Developing Outcomes to Measure
When developing outcomes for a genomics-based program, Feero said, one should purposefully select outcomes and metrics and evaluate longitudinally and at different intervals in order to inform decisions about whether or not to continue. The outcomes being measured should not be limited to traditional trial metrics (e.g., efficacy), but should include important health-related outcomes more broadly defined, such as personal utility or financial aspects, he said, summarizing concepts discussed by Peterson (see Chapter 3). Electronic infrastructure (particularly the EHR) is lagging and needs attention, he said. When planning the implementation of a genomics program, one should carefully consider the vendor community and how amenable that vendor community will be to genomic testing and genomics data. When a genetic result is returned and an action is taken, it does not necessarily mean that the outcome is related, Feero said. It is important to understand the intermediate steps in order to effect change in the system and potentially improve outcomes.

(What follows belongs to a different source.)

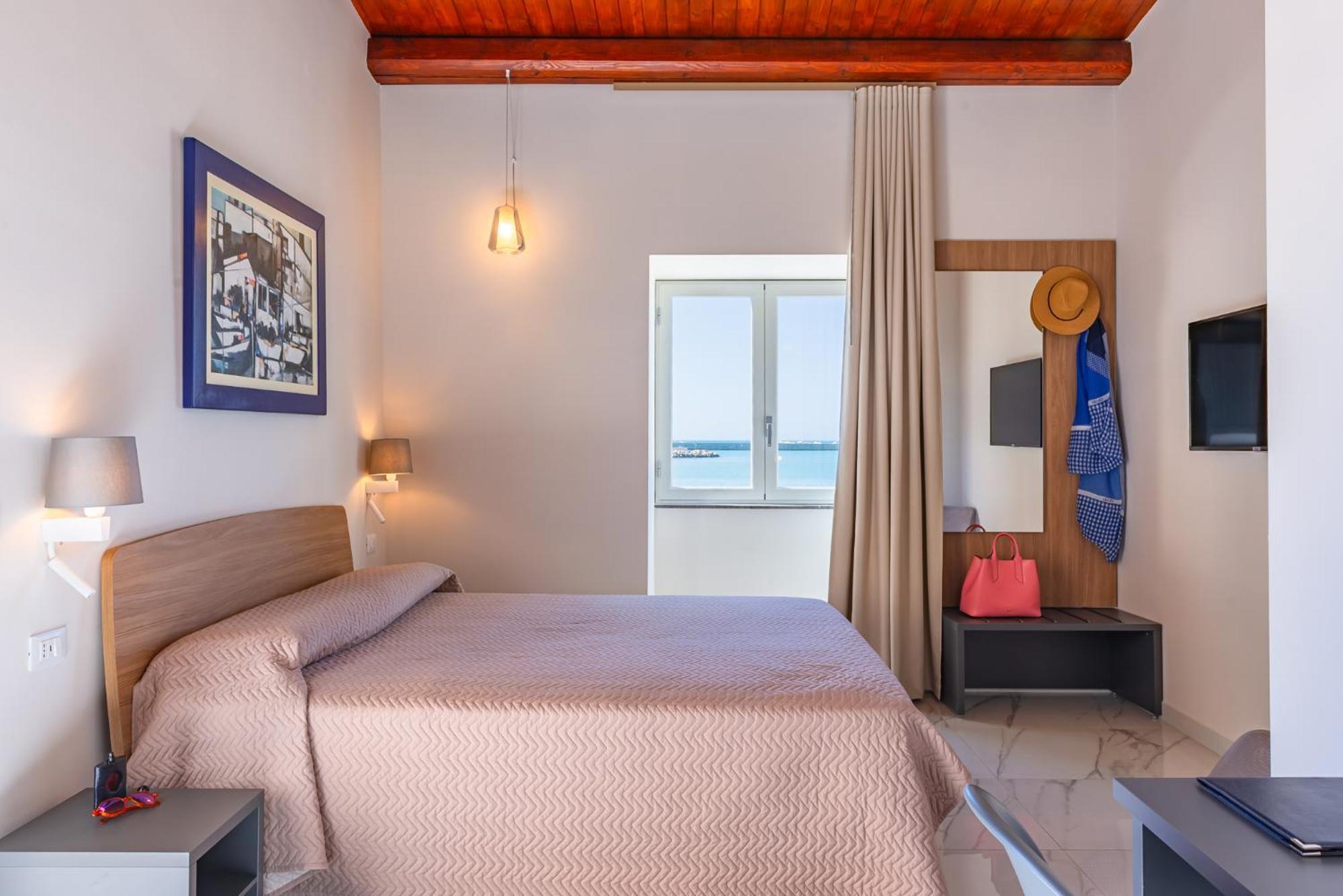 Deluxe Double Room Sea View Annex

Improving the Sustainability of Programs
There are multiple pathways by which programs can fund their activities, but long-term financial sustainability is still a work in progress, Feero said. The examples that were discussed at the workshop included a state-funded program, an industry-funded program, a health system–funded program, and federally-funded research. Several speakers noted that organizational leadership buy-in is essential and that organizations should consider evaluating the range of possible ways they could leverage existing systems and resources.
One of the major challenges facing the field of genomic medicine, Veenstra said, is how to integrate all of the efforts to collect genomic data that are happening across the United States. Developing a mechanism to bring all the stakeholders together and compile data in a single place to share and learn from will be an ongoing effort. Since its inception, the Roundtable on Genomics and Precision Health has made a great deal of progress in terms of understanding the systematic clinical integration of genomic information; however, Feero said, as the field continues to evolve, there will be new issues to address. Solving these new challenges will take a village, he said, and the Roundtable should continue to bring together all of the relevant stakeholders to identify ways to develop new collaborations, share information, and move the field forward.